(Image-caption web data)
---*---

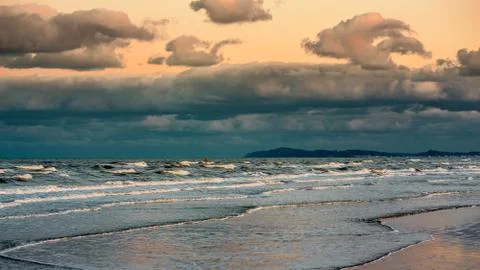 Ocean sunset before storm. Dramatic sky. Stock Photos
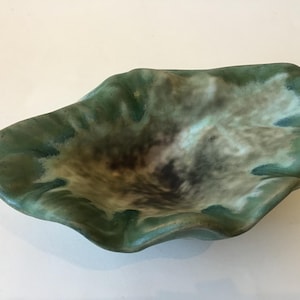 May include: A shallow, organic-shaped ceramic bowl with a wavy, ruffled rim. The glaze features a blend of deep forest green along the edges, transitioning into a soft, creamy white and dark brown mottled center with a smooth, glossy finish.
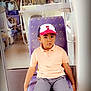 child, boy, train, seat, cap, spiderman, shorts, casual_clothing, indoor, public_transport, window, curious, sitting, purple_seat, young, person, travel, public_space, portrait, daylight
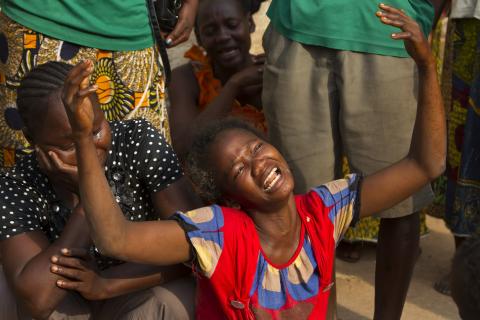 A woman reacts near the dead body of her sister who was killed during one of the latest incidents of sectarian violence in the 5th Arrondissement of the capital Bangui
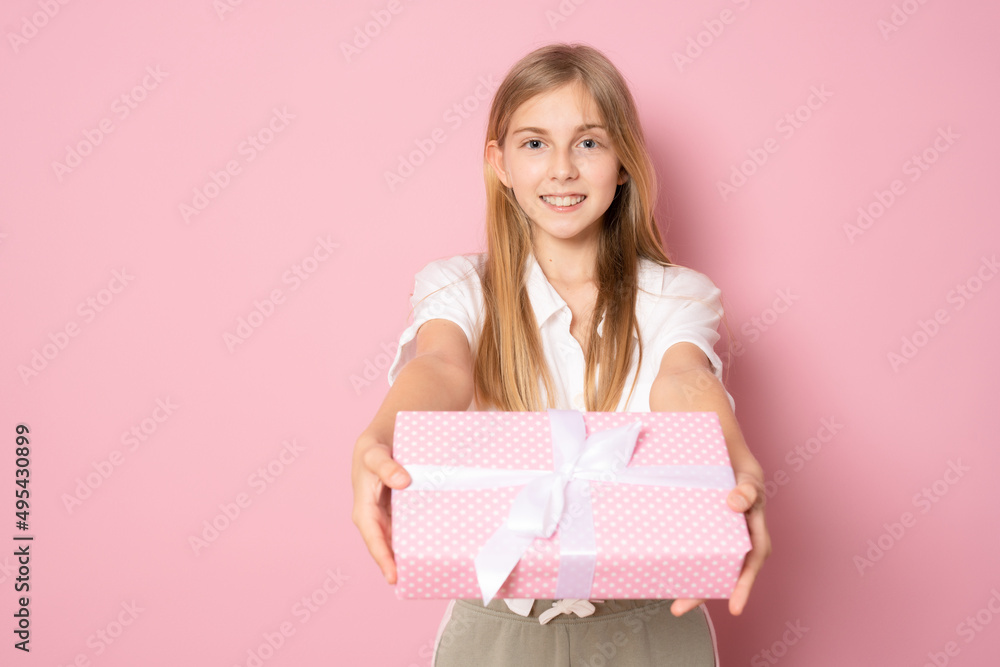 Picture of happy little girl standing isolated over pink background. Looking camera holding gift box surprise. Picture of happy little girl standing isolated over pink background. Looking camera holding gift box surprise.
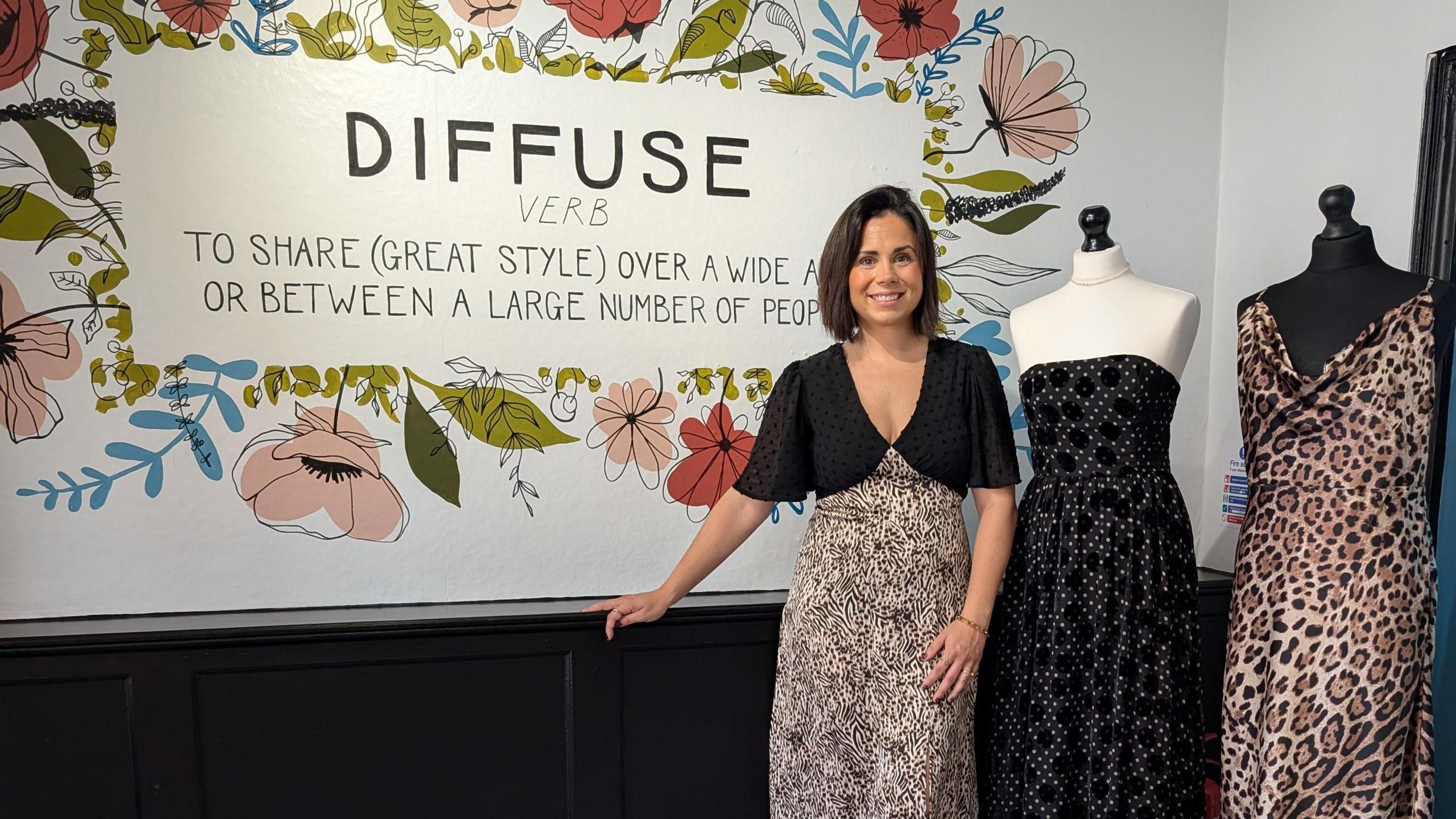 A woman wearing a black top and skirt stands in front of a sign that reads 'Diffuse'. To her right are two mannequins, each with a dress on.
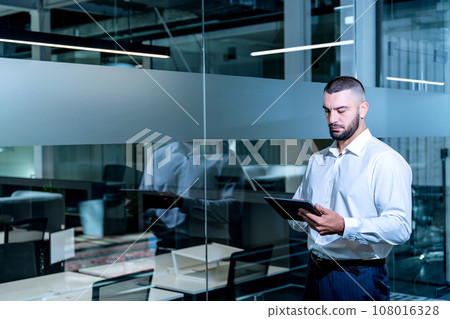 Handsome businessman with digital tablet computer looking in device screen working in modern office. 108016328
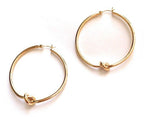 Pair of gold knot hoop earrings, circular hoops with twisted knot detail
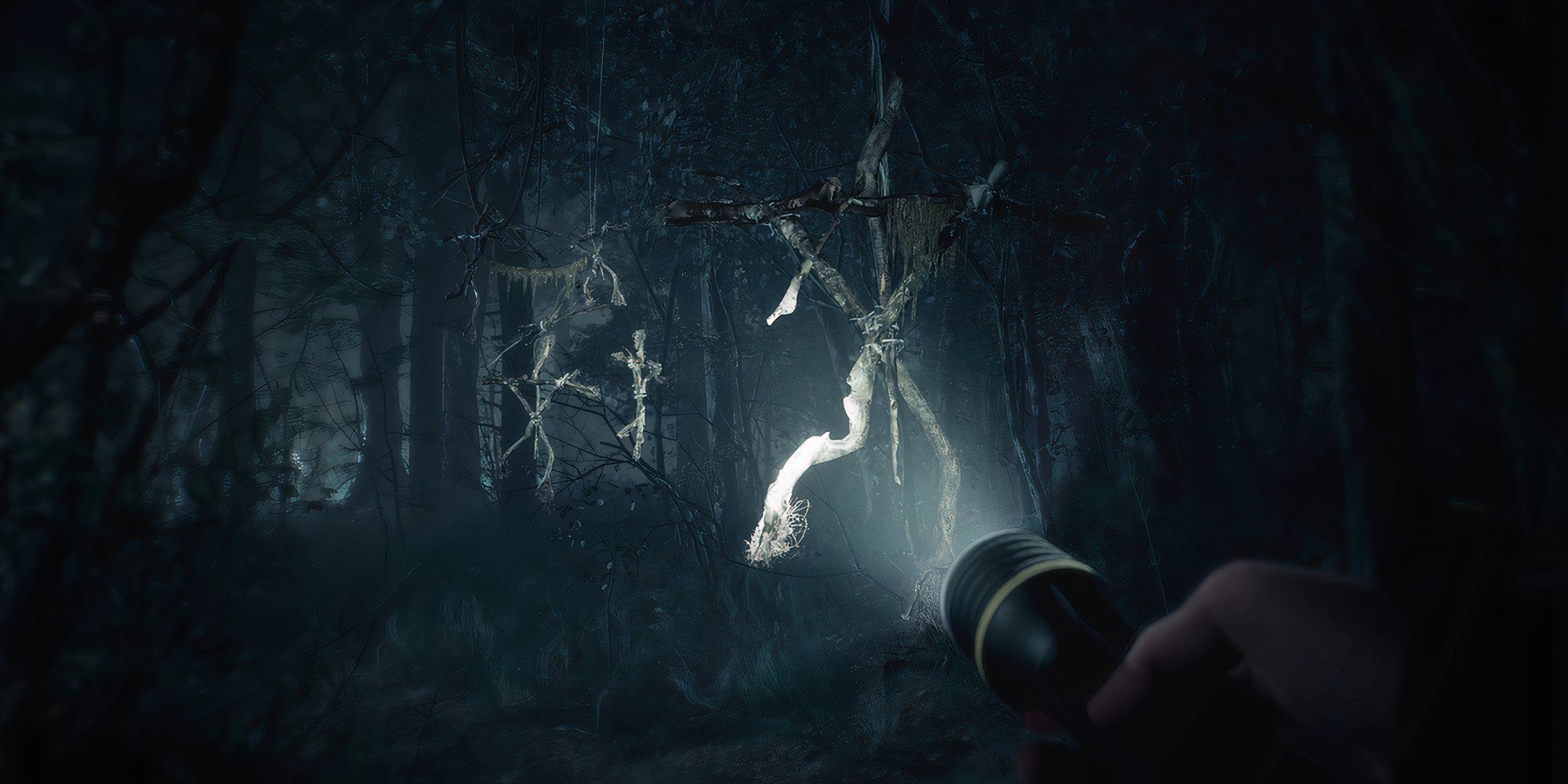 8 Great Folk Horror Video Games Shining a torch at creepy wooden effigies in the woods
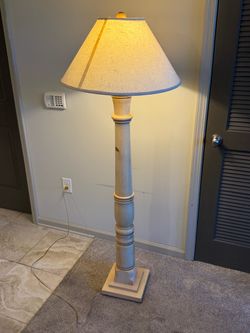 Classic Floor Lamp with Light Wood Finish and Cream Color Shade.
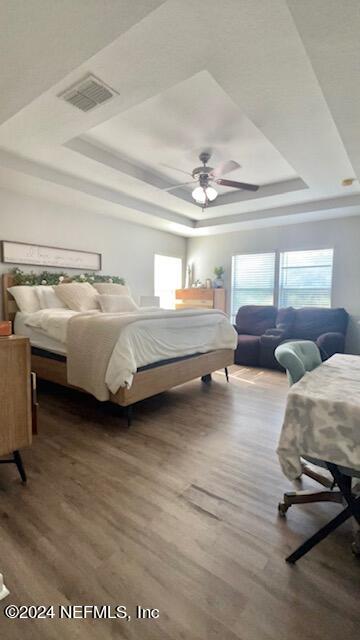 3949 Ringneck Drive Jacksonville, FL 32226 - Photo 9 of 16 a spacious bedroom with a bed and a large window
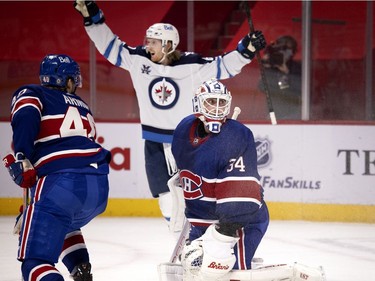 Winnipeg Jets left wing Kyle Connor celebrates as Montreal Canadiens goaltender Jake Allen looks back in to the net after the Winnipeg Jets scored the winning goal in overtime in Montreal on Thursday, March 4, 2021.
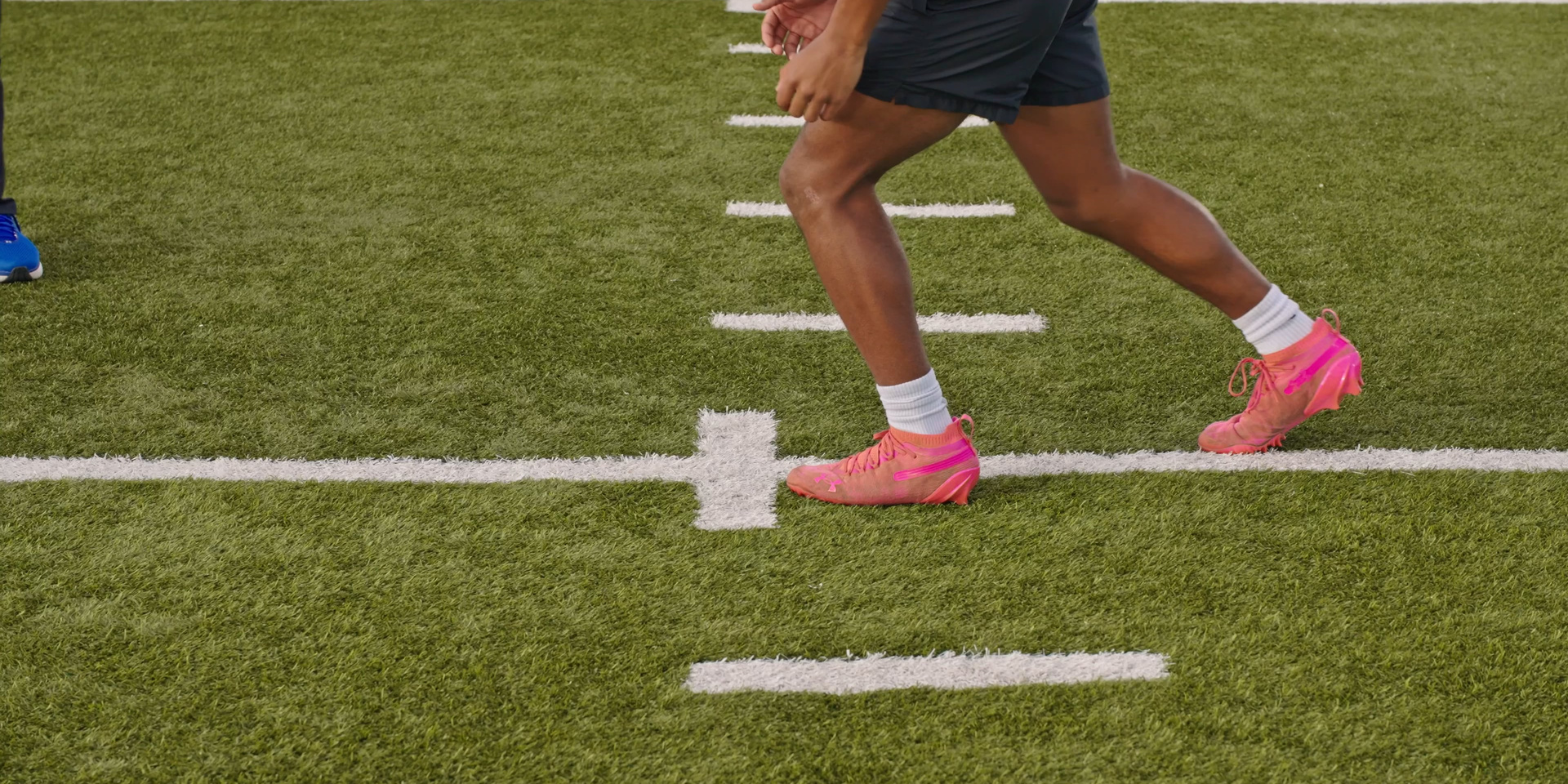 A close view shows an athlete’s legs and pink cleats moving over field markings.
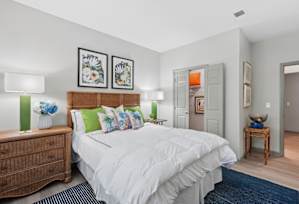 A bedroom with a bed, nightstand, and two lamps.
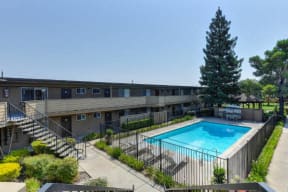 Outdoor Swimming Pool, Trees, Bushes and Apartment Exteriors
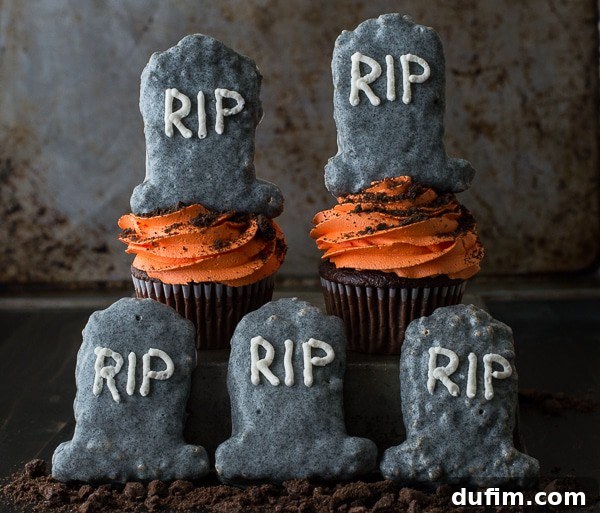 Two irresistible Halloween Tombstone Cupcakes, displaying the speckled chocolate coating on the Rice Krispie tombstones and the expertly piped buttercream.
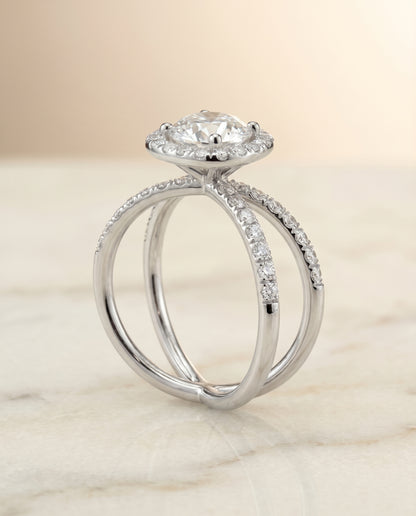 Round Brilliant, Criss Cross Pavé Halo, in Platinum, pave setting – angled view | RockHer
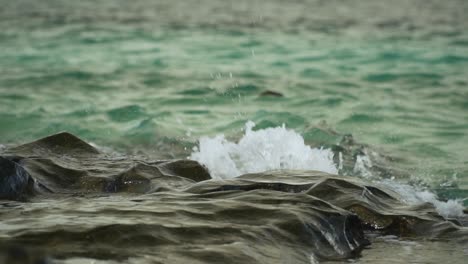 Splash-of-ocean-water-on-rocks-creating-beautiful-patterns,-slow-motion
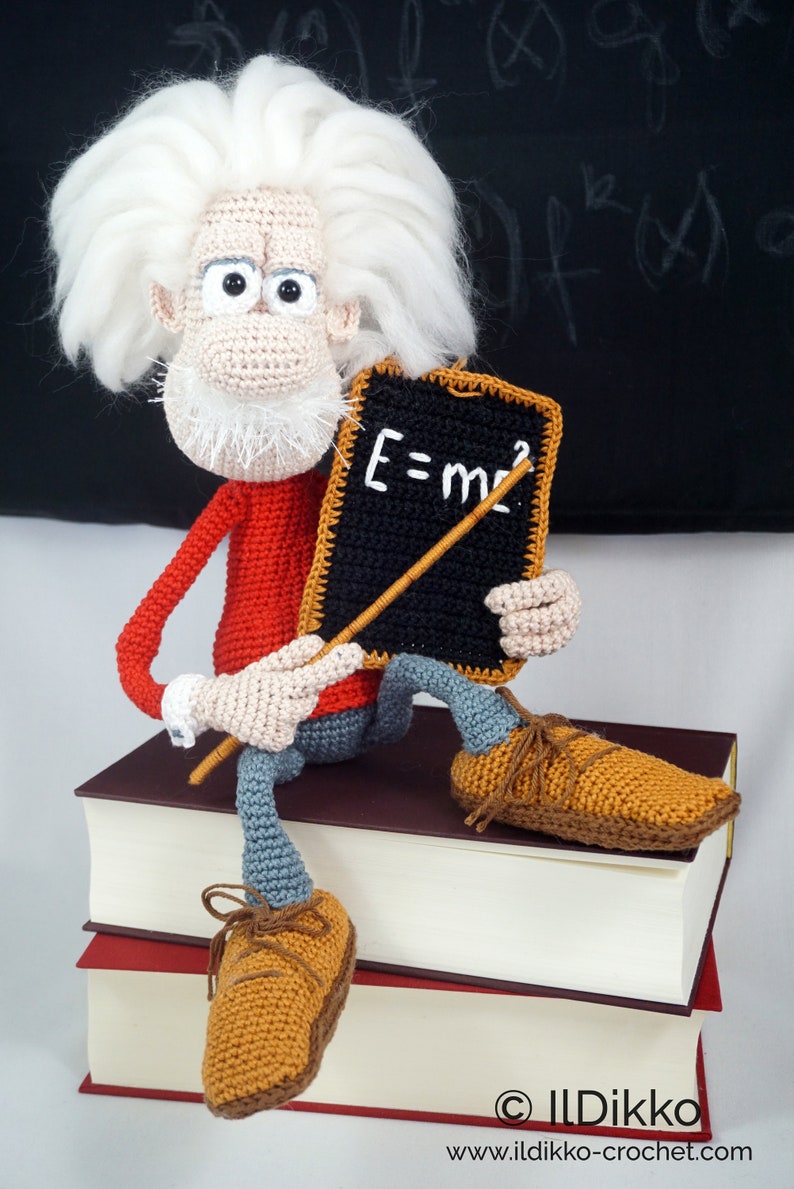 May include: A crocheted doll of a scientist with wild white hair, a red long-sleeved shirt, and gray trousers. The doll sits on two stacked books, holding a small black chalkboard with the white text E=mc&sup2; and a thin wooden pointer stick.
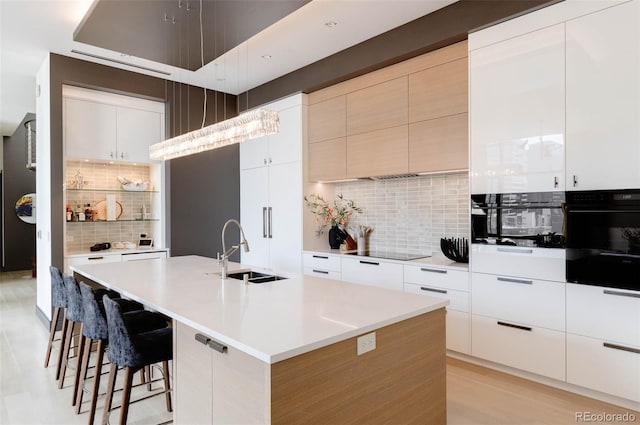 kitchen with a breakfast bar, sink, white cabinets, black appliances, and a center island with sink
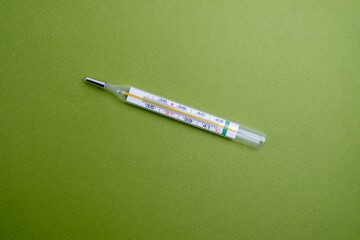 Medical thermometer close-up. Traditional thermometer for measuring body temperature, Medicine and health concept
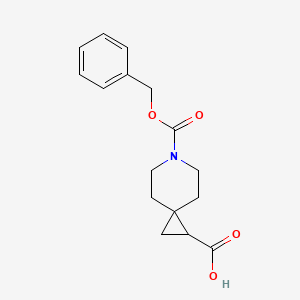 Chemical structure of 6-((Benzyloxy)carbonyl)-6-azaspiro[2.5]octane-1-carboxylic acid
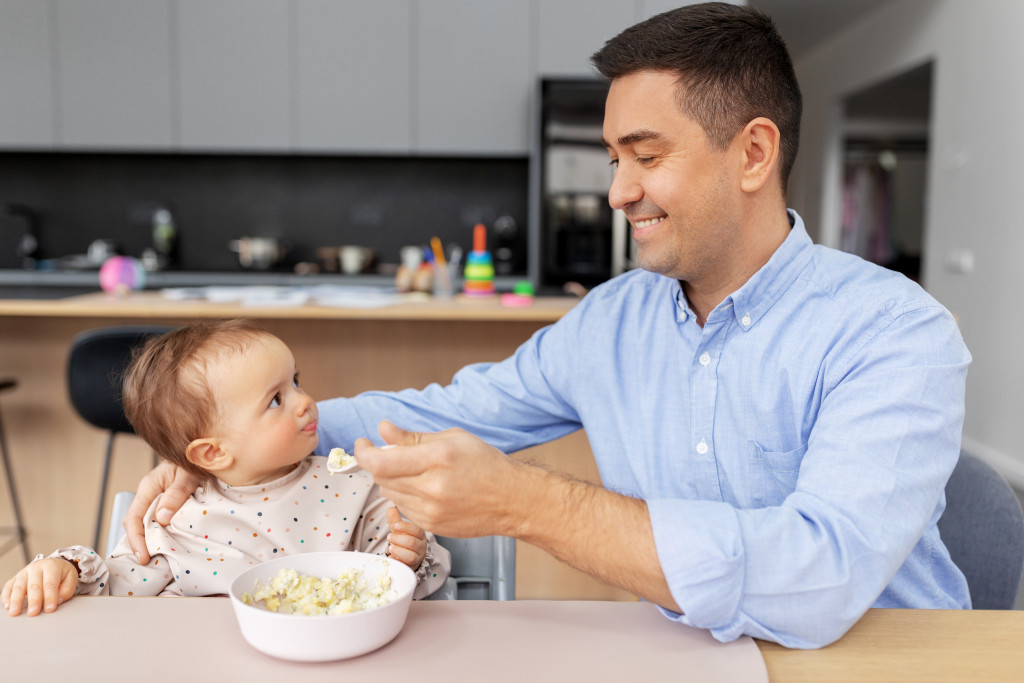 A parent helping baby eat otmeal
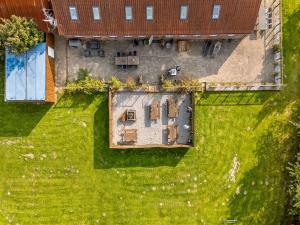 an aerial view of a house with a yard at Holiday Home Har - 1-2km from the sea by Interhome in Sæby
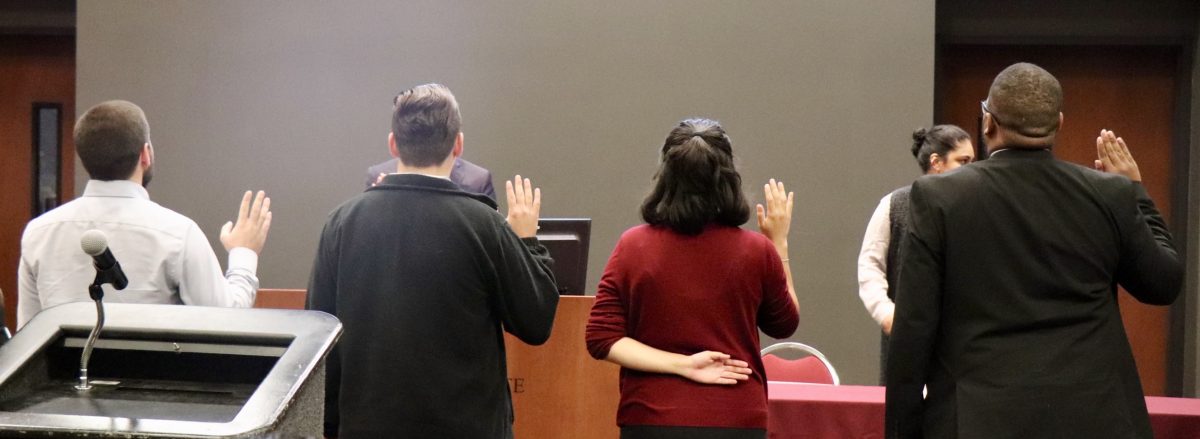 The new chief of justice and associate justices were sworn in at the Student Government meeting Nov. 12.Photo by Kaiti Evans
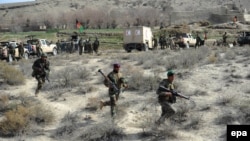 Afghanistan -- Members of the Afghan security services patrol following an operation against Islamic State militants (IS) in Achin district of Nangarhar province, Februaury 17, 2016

---*---

* Task directions
Exclude all images and retype the data precisely.

* Exercise result
 Ocean sunset before storm. Dramatic sky. Stock Photos
 May include: A shallow, organic-shaped ceramic bowl with a wavy, ruffled rim. The glaze features a blend of deep forest green along the edges, transitioning into a soft, creamy white and dark brown mottled center with a smooth, glossy finish.
 child, boy, train, seat, cap, spiderman, shorts, casual_clothing, indoor, public_transport, window, curious, sitting, purple_seat, young, person, travel, public_space, portrait, daylight
 A woman reacts near the dead body of her sister who was killed during one of the latest incidents of sectarian violence in the 5th Arrondissement of the capital Bangui
 Picture of happy little girl standing isolated over pink background. Looking camera holding gift box surprise. Picture of happy little girl standing isolated over pink background. Looking camera holding gift box surprise.
 A woman wearing a black top and skirt stands in front of a sign that reads 'Diffuse'. To her right are two mannequins, each with a dress on.
 Handsome businessman with digital tablet computer looking in device screen working in modern office. 108016328
 Pair of gold knot hoop earrings, circular hoops with twisted knot detail
 8 Great Folk Horror Video Games Shining a torch at creepy wooden effigies in the woods
 Classic Floor Lamp with Light Wood Finish and Cream Color Shade.
 3949 Ringneck Drive Jacksonville, FL 32226 - Photo 9 of 16 a spacious bedroom with a bed and a large window
 Winnipeg Jets left wing Kyle Connor celebrates as Montreal Canadiens goaltender Jake Allen looks back in to the net after the Winnipeg Jets scored the winning goal in overtime in Montreal on Thursday, March 4, 2021.
 A close view shows an athlete’s legs and pink cleats moving over field markings.
 A bedroom with a bed, nightstand, and two lamps.
 Outdoor Swimming Pool, Trees, Bushes and Apartment Exteriors
 Two irresistible Halloween Tombstone Cupcakes, displaying the speckled chocolate coating on the Rice Krispie tombstones and the expertly piped buttercream.
 Round Brilliant, Criss Cross Pavé Halo, in Platinum, pave setting – angled view | RockHer
 Splash-of-ocean-water-on-rocks-creating-beautiful-patterns,-slow-motion
 May include: A crocheted doll of a scientist with wild white hair, a red long-sleeved shirt, and gray trousers. The doll sits on two stacked books, holding a small black chalkboard with the white text E=mc&sup2; and a thin wooden pointer stick.
 kitchen with a breakfast bar, sink, white cabinets, black appliances, and a center island with sink
 Medical thermometer close-up. Traditional thermometer for measuring body temperature, Medicine and health concept
 Chemical structure of 6-((Benzyloxy)carbonyl)-6-azaspiro[2.5]octane-1-carboxylic acid
 A parent helping baby eat otmeal
 an aerial view of a house with a yard at Holiday Home Har - 1-2km from the sea by Interhome in Sæby
 The new chief of justice and associate justices were sworn in at the Student Government meeting Nov. 12.Photo by Kaiti Evans
 Afghanistan -- Members of the Afghan security services patrol following an operation against Islamic State militants (IS) in Achin district of Nangarhar province, Februaury 17, 2016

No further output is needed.